7 The principal monocular and binocular depth cues
We perceive the distance of objects from us and from each other by using monocular and binocular cues. Binocular cues arise from the fact that the visual fields of both eyes overlap; only animals with eyes on the front of the head can use these. Animals with eyes on the side of the head can only use monocular cues. Pictorial cues – can be represented in a drawing or photograph. Motion parallax – changes in the relative locations of objects give cues about their distance. Convergence – when the eyes converge on a near object, the angle between them is greater than when they converge on a distant object. Retinal disparity – the amount of disparity produced by the images of an object on the two retinas gives a clue about its distance. Examples of pictorial cues: Interposition – an object placed between us and another object, that partially obscures our view of the other object, must be closer to us. Size – knowing the size of objects enables us to judge their distance. Linear perspective – parallel lines that recede from us appear to converge at a single point. Texture – coarser textures look closer, fine textures look distant. Haze – distant landscapes become less distinct because of haze. Shading – the top of a convex object will be light, the bottom will be in shadow. Elevation – we perceive objects near the horizon as being distant from us and those above or below it as being nearer to us. Source: Adapted from Matlin, M.W. and Foley, H.J., Sensation and Perception (3rd edition). Boston: Allyn & Bacon, 1992.

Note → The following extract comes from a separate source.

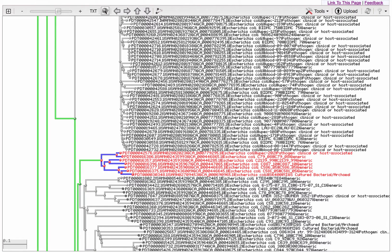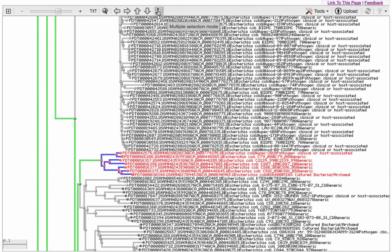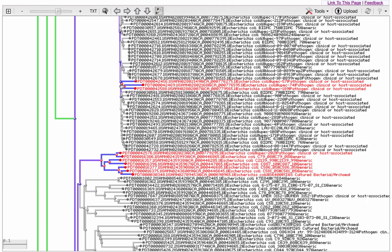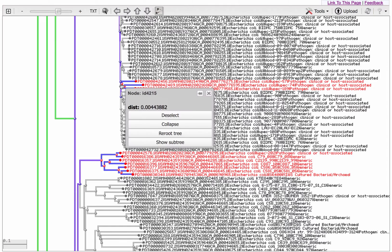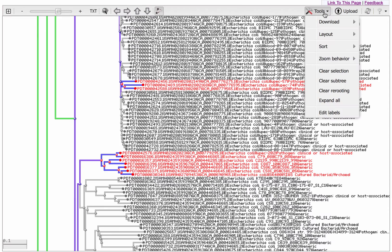And you can highlight multiple branches by first clicking on this icon for multiple selection mode. You can easily deselect multiple nodes using the Tools menu.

8 Some pictorial cues to depth 1
Perspective - this gives the appearance of distance and makes the two columns look similar in size. (b) Haze - variation in detail, owing to haze, produces an appearance of distance. Source: (b) Powerstock, reprinted by permission.

9 Some pictorial cues to depth 2
(c) Shading - if the tops of the circles are dark, they look like depressions. If the bottoms are dark, they appear as bumps. (d) Elevation - The objects nearest the horizontal line appear furthest away from us. Source: (d) Adapted from Martin, M.W. and Foley, H.J., Sensation and Perception (3rd edition). Boston: Allyn & Bacon, 1992.